Thursday 6 October 2011

National Poetry Day - Ballad In Blank Verse



To celebrate National Poetry Day, we are publishing poems across all our blogs.

John Davidson was a poet who spent much of his life in Greenock, working as a teacher at the Highlanders Academy, a school which he himself attended. 

This poem has recently been quoted and reprinted on the panels surrounding the statue of Ginger The Horse in Dalrymple Street

Davidson, and later WS Graham evoke a proud, working Greenock, when the Sugar Sheds and shipyards were not simply part of daily life, but an intergal part of the landscape...
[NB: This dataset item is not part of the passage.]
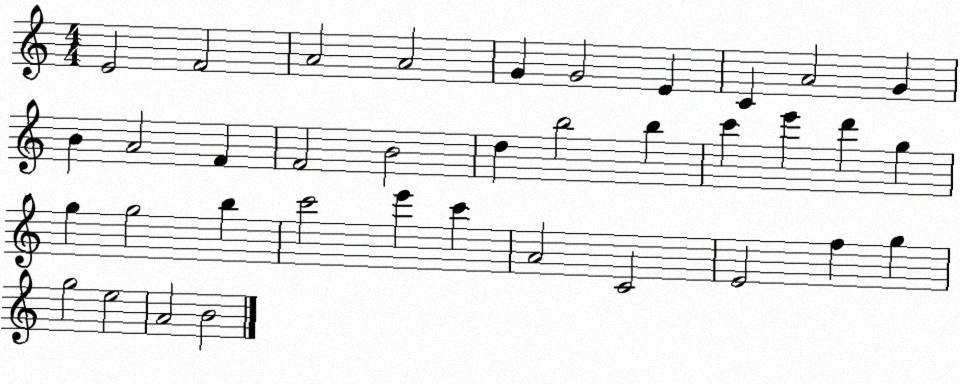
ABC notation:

from A Ballad in Blank Verse

All summer and all Autumn: this grey town
That pipes the morning up before the lark
With shrieking steam, and from a hundred stalks
Lacquers the sooty sky: where hammers clang
On Iron hulls, and cranes and harbours creak
Rattle and wing, whole cargoes on their necks;
Where men sweat gold that others hoard or spend,
This old grey town, this firth, the further strand
Spangled with hamlets, and wooded steeps,
Whose rocky tops behind each other press,
Fantastically carved like antique helms
High flung in heaven’s cloudy armoury,
Is world enough for me.




1 comment:

  1. Hadn't heard of John Davidson before - thanks for bringing him to my attention.